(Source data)
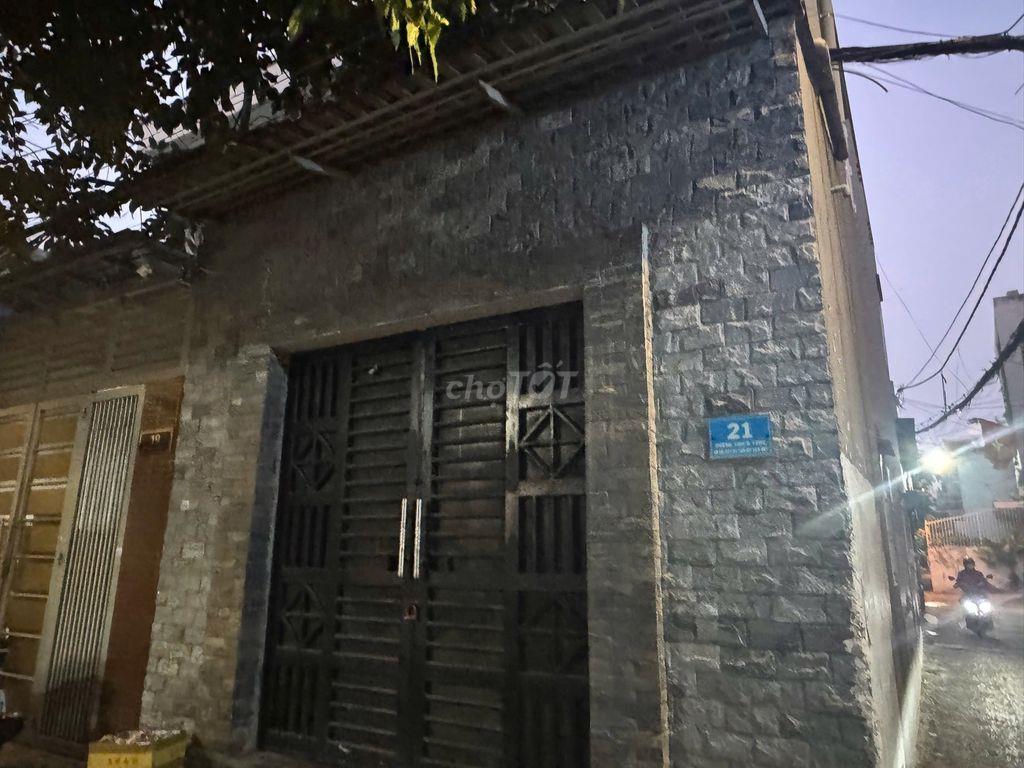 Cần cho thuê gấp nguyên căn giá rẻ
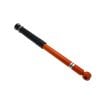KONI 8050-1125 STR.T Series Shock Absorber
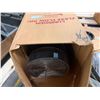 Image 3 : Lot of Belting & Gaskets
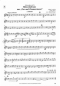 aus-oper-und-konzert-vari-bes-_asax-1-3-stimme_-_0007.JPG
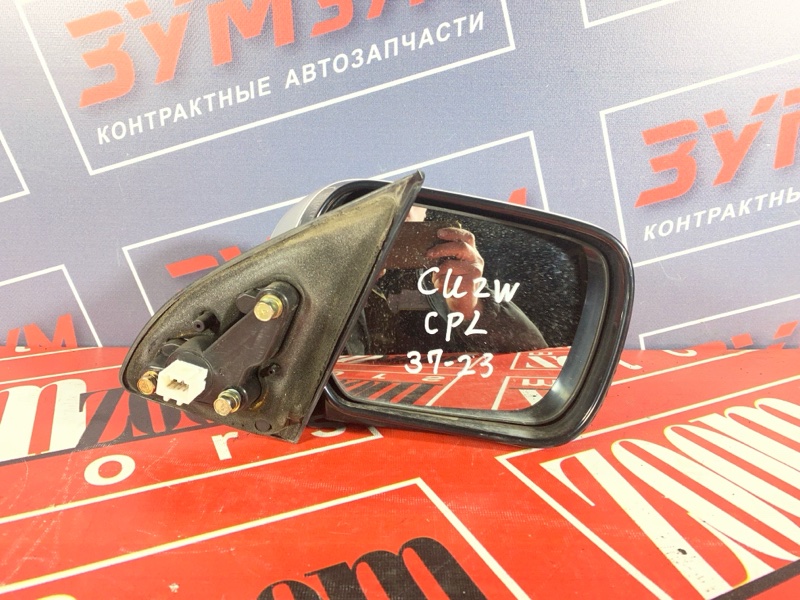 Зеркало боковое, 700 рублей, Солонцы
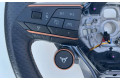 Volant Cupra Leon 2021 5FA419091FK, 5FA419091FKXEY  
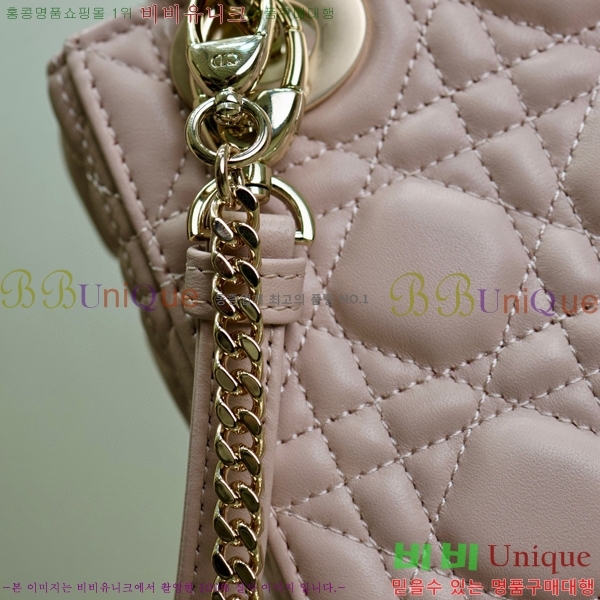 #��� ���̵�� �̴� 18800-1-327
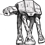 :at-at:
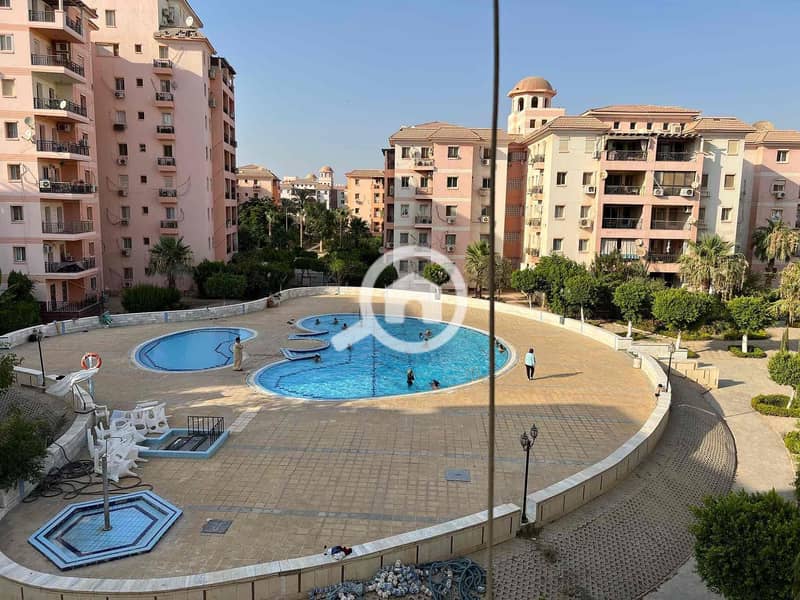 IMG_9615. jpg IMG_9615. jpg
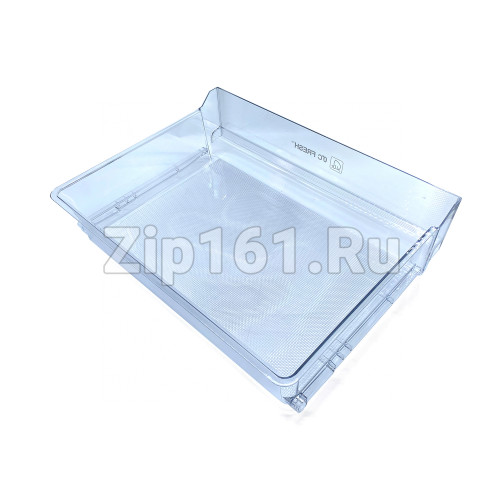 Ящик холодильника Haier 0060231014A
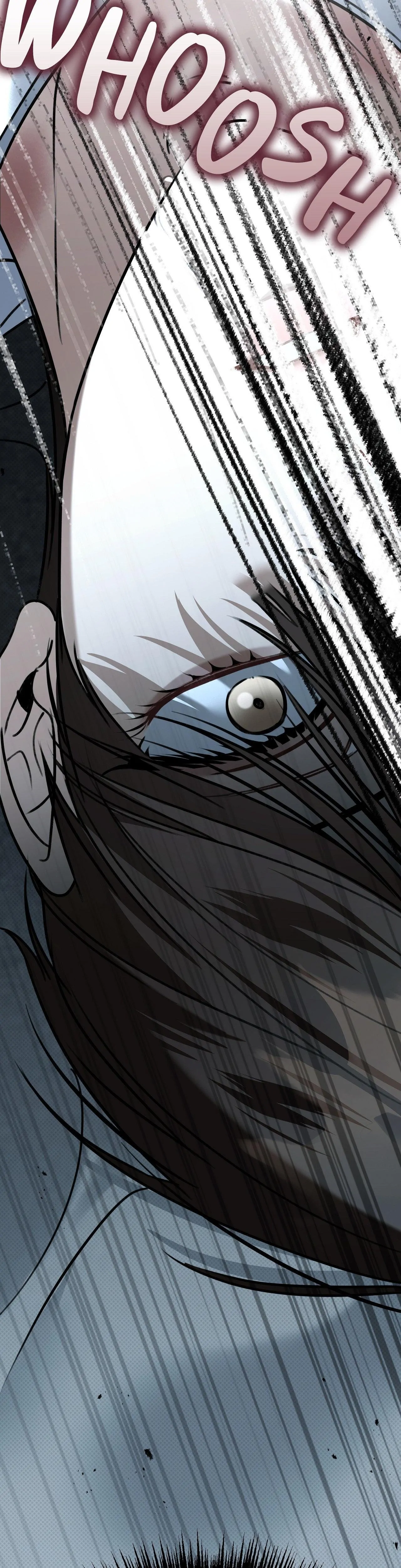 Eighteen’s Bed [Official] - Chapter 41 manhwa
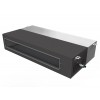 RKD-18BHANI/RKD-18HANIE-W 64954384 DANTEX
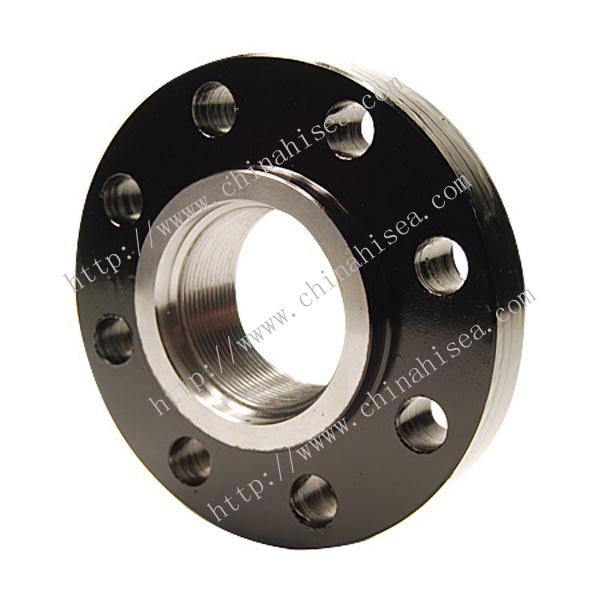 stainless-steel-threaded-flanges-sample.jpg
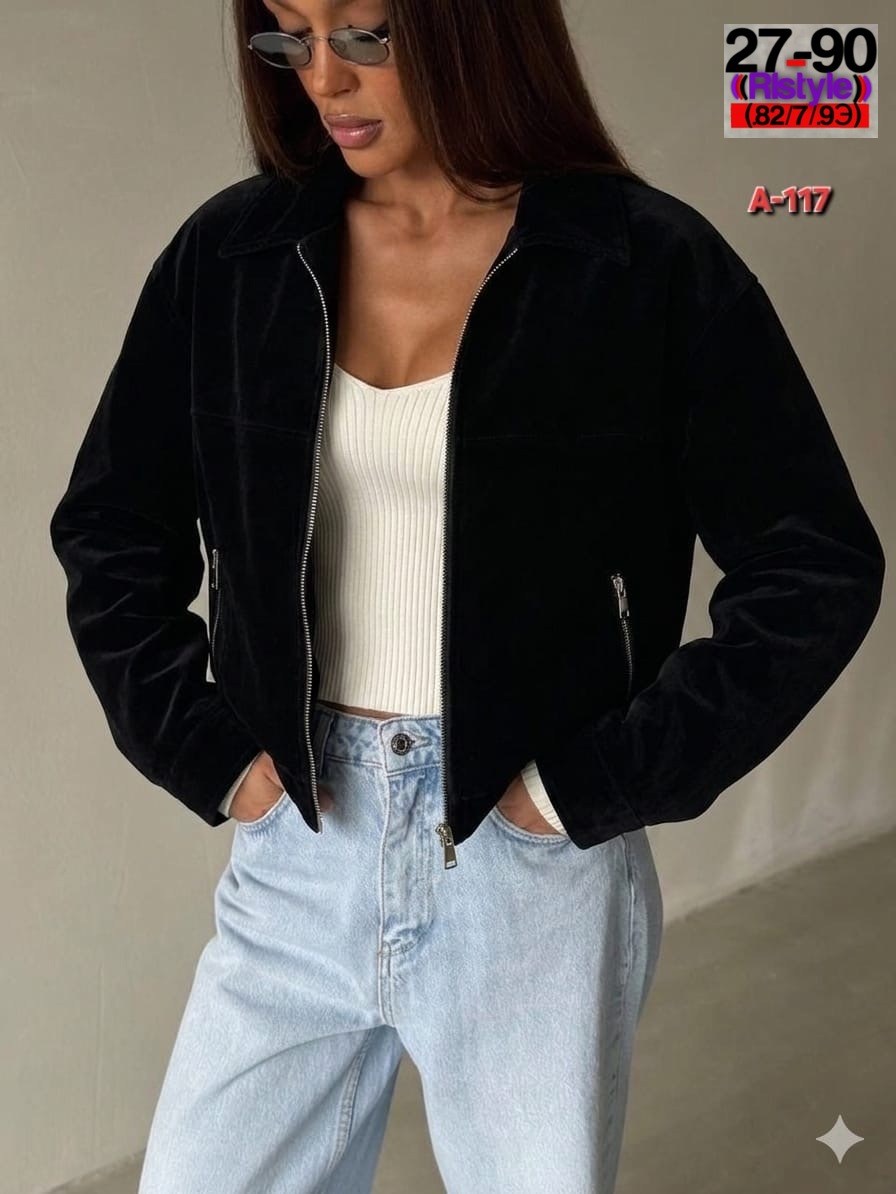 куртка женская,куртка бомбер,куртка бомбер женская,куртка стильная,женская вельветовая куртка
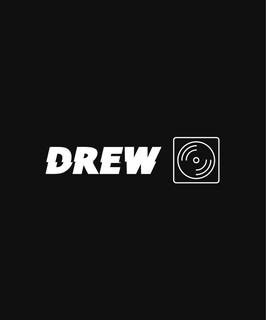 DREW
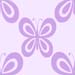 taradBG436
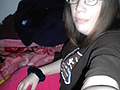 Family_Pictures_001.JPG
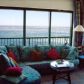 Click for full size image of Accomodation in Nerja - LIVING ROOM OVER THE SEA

Your instructions:
The stretch above running from the line with "Image 3 : Lot of Belting & Gaskets" through the line with "Family_Pictures_001.JPG" is all you should copy, exactly, leaving out the pictures.

Answer to this exercise:
 Image 3 : Lot of Belting & Gaskets
 aus-oper-und-konzert-vari-bes-_asax-1-3-stimme_-_0007.JPG
 Зеркало боковое, 700 рублей, Солонцы
 Volant Cupra Leon 2021 5FA419091FK, 5FA419091FKXEY  
 #��� ���̵�� �̴� 18800-1-327
 :at-at:
 IMG_9615. jpg IMG_9615. jpg
 Ящик холодильника Haier 0060231014A
 Eighteen’s Bed [Official] - Chapter 41 manhwa
 RKD-18BHANI/RKD-18HANIE-W 64954384 DANTEX
 stainless-steel-threaded-flanges-sample.jpg
 куртка женская,куртка бомбер,куртка бомбер женская,куртка стильная,женская вельветовая куртка
 DREW
 taradBG436
 Family_Pictures_001.JPG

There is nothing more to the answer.